Share this:

Data scientists, informatics professionals, engineers and High Performance Computing users will all agree that data sets are getting larger and computational requirements are growing exponentially. 

Simultaneous with this trend, cloud computing technologies and infrastructure have been transforming the IT landscape for several years now and their adoption for use in High Performance Computing tasks is well under way.

Although users and system administrators of the world’s largest supercomputers would argue that they have been engaged in cloud computing for decades, few would disagree that innovations in deployment models and hardware architectures are ushering in change.   For example, in today’s public clouds, an individual user can essentially click a few mouse buttons and spin up a machine that can rival a Top 500 supercomputer.  The challenge with this model is that provisioning and running large cloud machines is not a trivial task.  It’s also not always inexpensive.   

And what about efficiency?  Certainly cloud virtualization technology has been shown to increase efficiency from a hardware perspective, but does this hold true for large, computational HPC workloads?  

As computational scale grows, so too does the energy required to provide reasonable walltimes for a given problem and as any HPC machine operator knows, this is becoming increasingly important.  

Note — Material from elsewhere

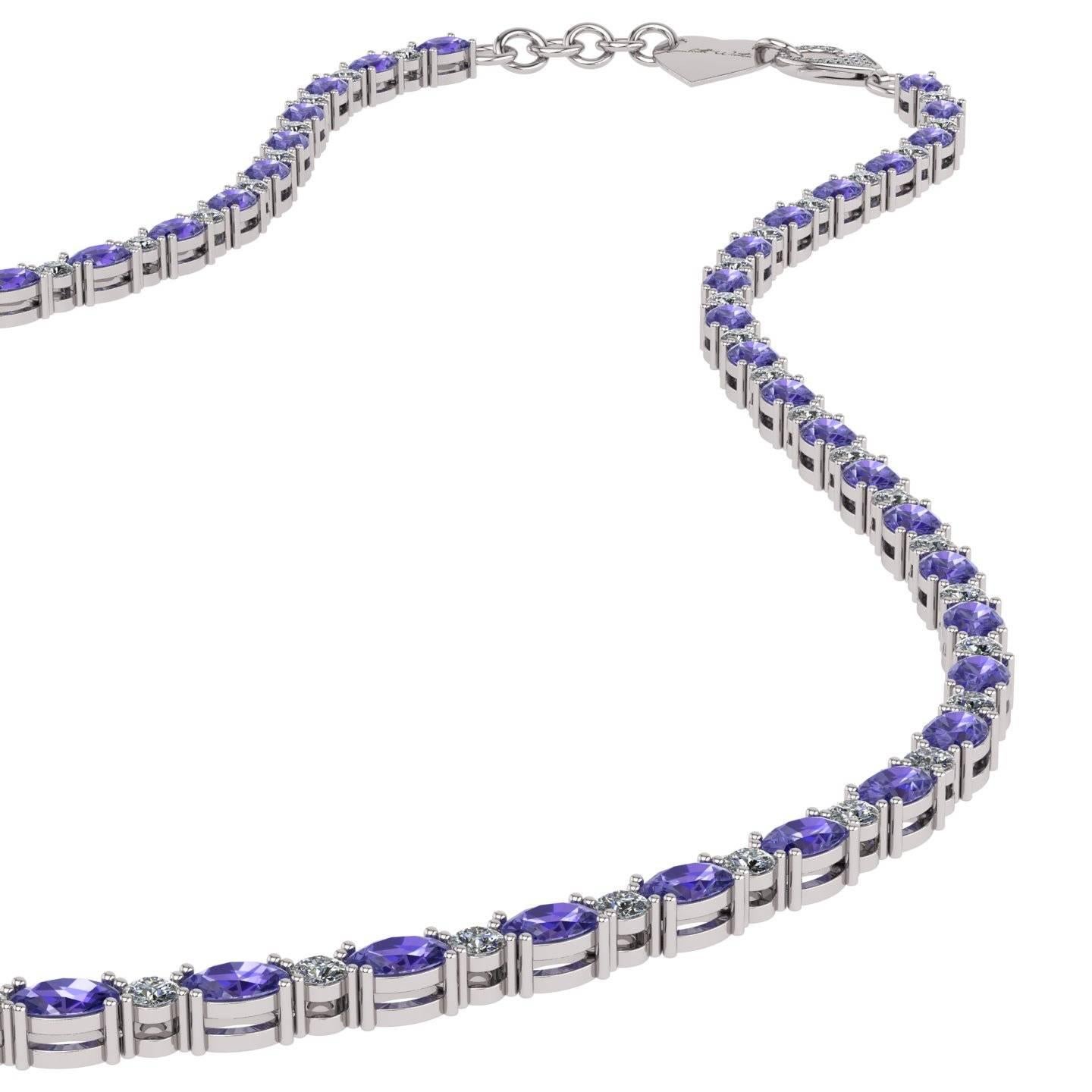 Modern Tanzanite Diamond Tennis Necklace by Juliette Wooten White Gold For Sale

So in my view, part of managing efficiency in large scale cloud HPC workloads is balancing between minimizing walltimes and reducing the energy required to do so.   Nimbix achieves this by operating a public cloud supercomputer that leverages hybrid accelerators running optimized applications designed for high throughput computing.   The other important component of efficiency is reducing the “time to run” applications.  Energy expenditure should be minimized in the setup and configuration of public cloud resources.   This can be addressed by building a web service around the workload, not the machines.  Having a web service designed around the application and data, much like Salesforce, Intuit and SaaS models in general, also makes cloud supercomputers much easier to consume as a service.

To further illustrate this concept, I refer to my favorite line from the summer blockbuster film, “Avengers,” where character Tony Stark (Ironman) is busy to solving a big computational problem.  He makes a reference to a [cloud supercomputer] where he could “clock” his job “around 600 teraflops” to get his computation done quickly.   It is precisely this picture of large-scale, public supercomputers that reflects my own view of the future of cloud-based supercomputing.